*Data supplied:*
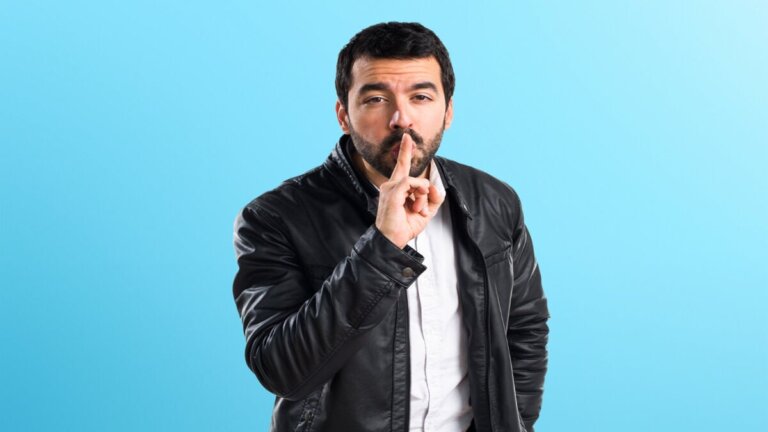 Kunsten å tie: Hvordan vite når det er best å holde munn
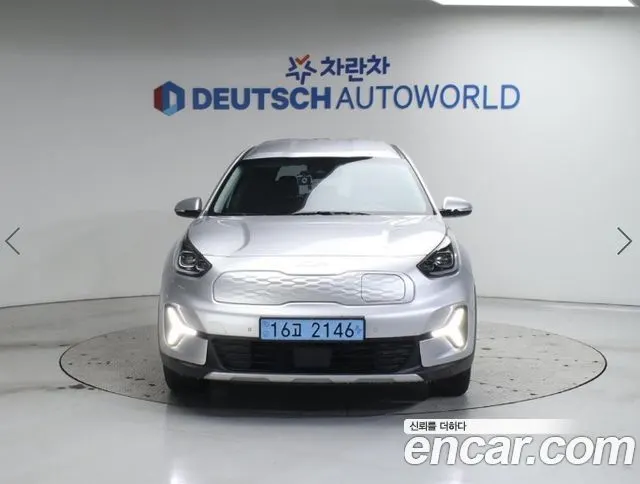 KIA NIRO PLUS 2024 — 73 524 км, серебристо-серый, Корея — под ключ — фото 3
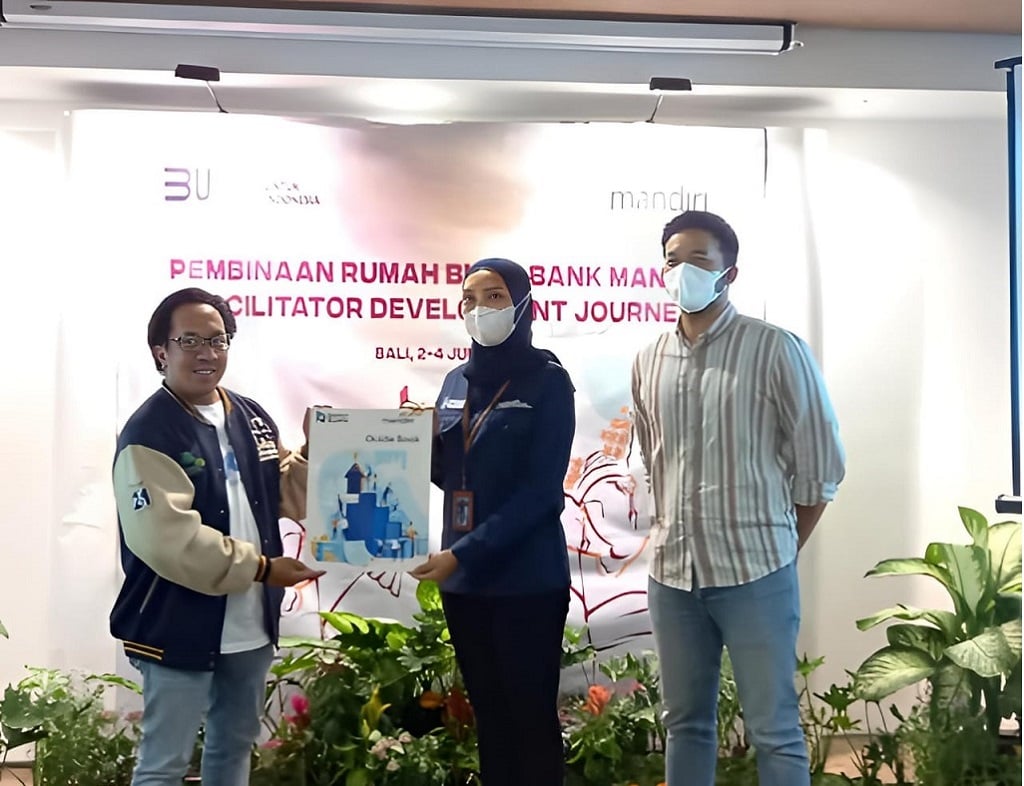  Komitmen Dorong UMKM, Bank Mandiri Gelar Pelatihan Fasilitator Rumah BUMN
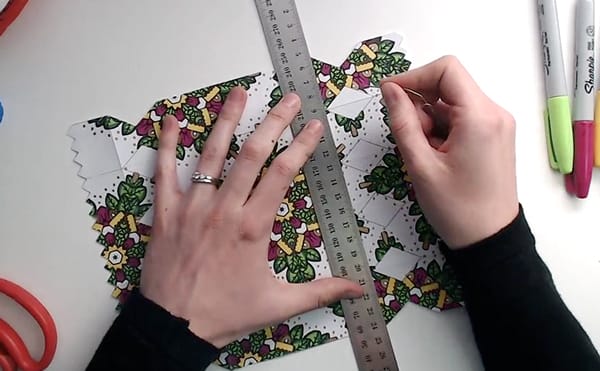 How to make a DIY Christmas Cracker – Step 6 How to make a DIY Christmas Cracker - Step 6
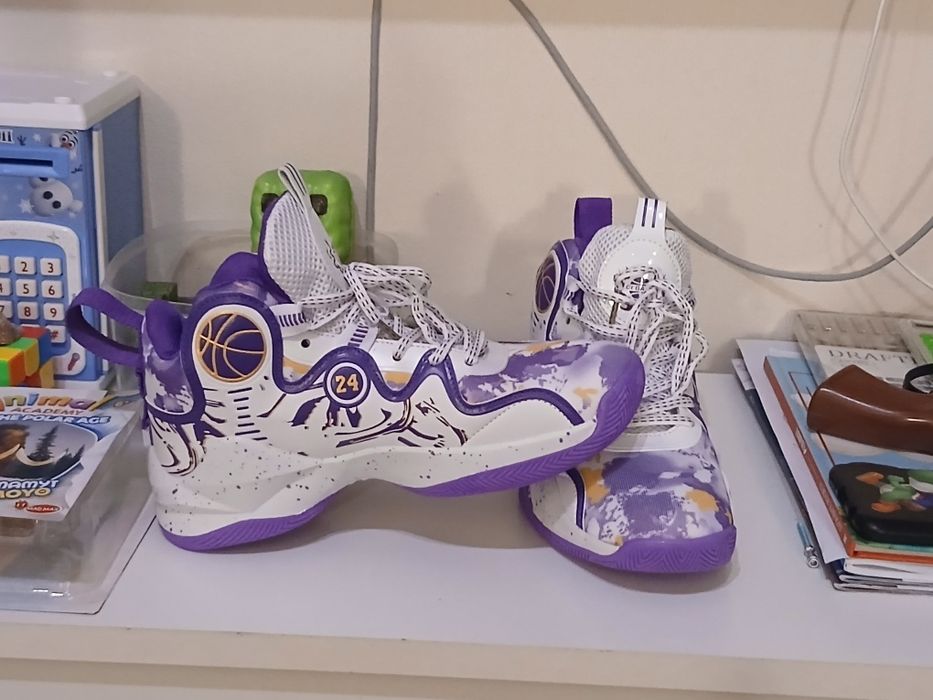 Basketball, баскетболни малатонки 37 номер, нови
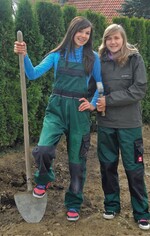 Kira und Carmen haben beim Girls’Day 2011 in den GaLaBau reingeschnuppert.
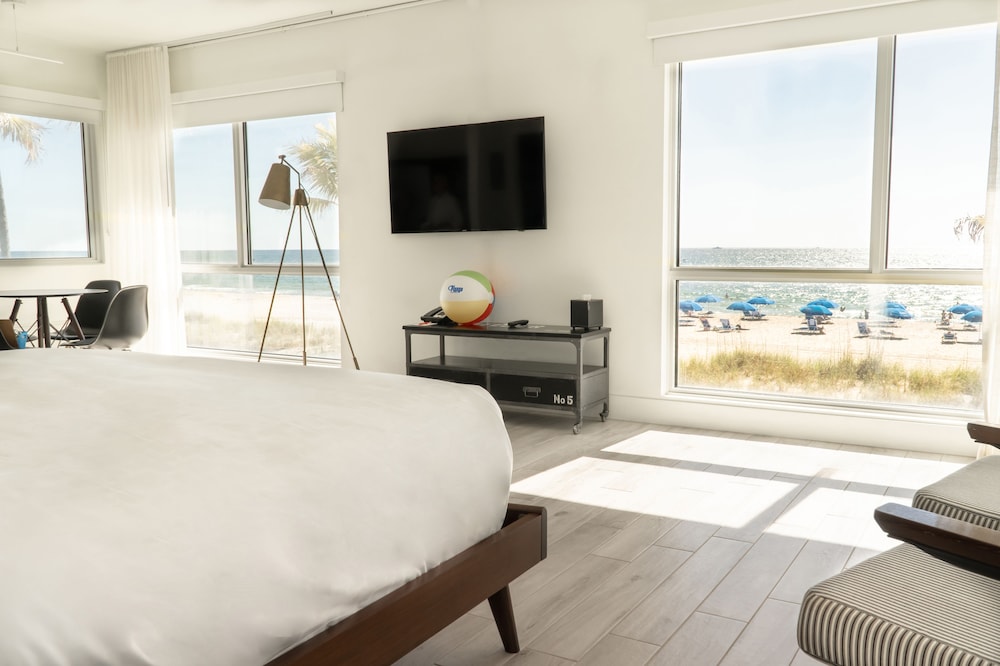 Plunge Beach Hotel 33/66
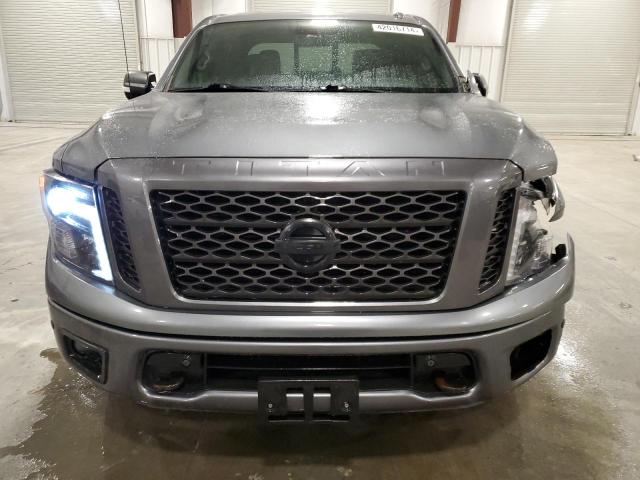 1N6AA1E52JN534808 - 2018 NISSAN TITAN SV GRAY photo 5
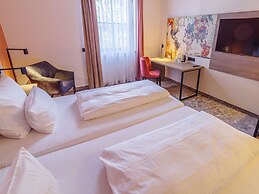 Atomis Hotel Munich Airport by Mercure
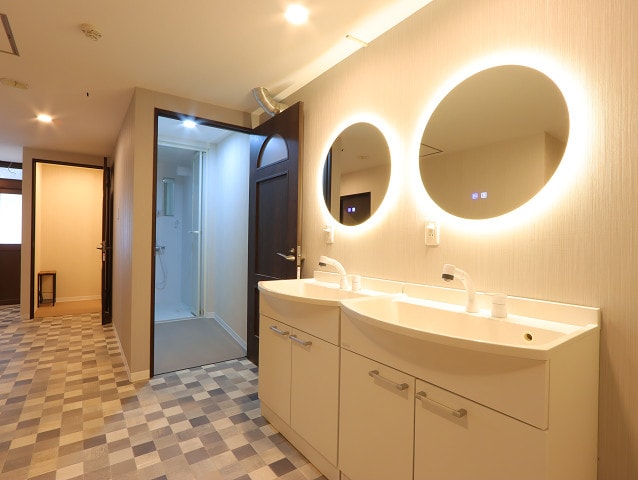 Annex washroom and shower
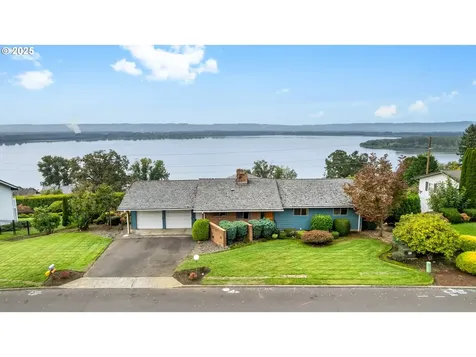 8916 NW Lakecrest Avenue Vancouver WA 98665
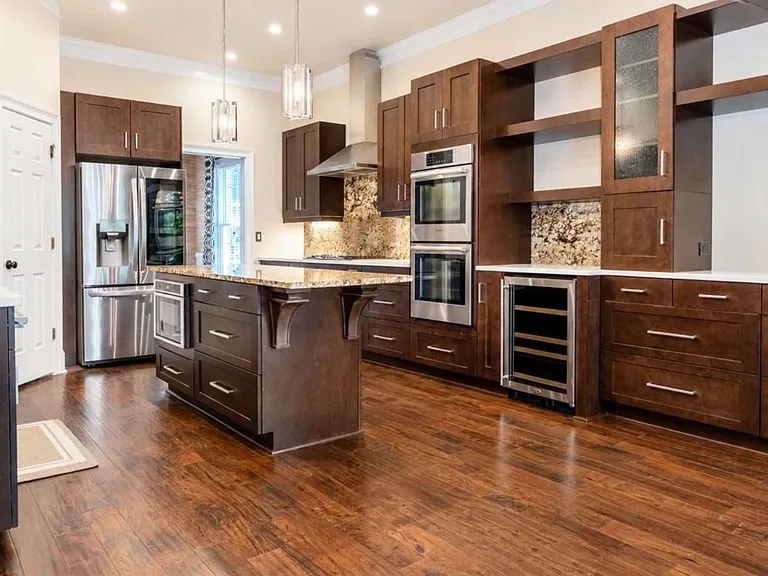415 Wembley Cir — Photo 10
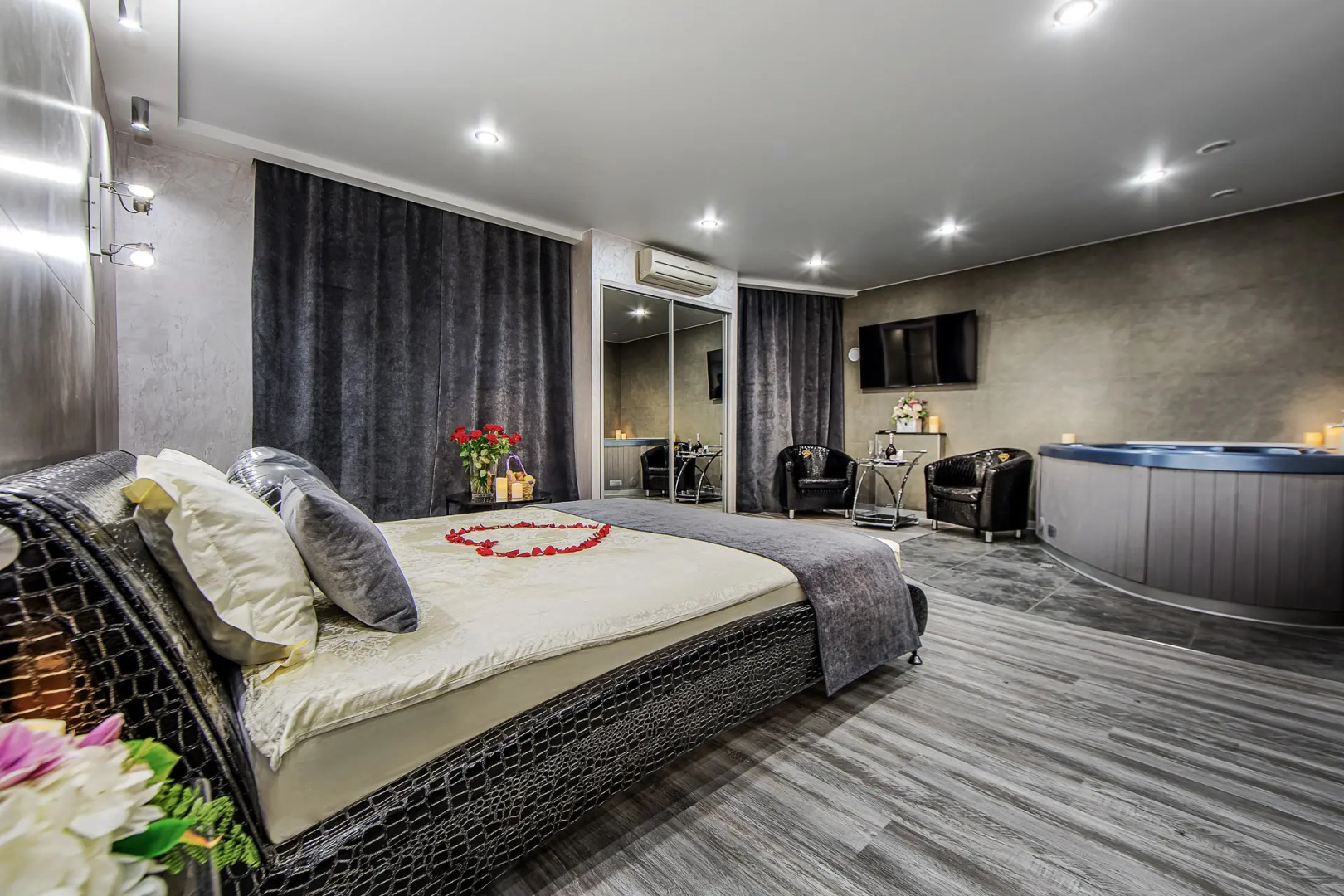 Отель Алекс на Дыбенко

*Brief:*
Starting at the line that holds "1N6AA1E52JN534808 - 2018" and ending at the last line of the material above, repeat each line exactly, both ends included, and leave the pictures out.

*Completed exercise:*
 1N6AA1E52JN534808 - 2018 NISSAN TITAN SV GRAY photo 5
 Atomis Hotel Munich Airport by Mercure
 Annex washroom and shower
 8916 NW Lakecrest Avenue Vancouver WA 98665
415 Wembley Cir — Photo 10
 Отель Алекс на Дыбенко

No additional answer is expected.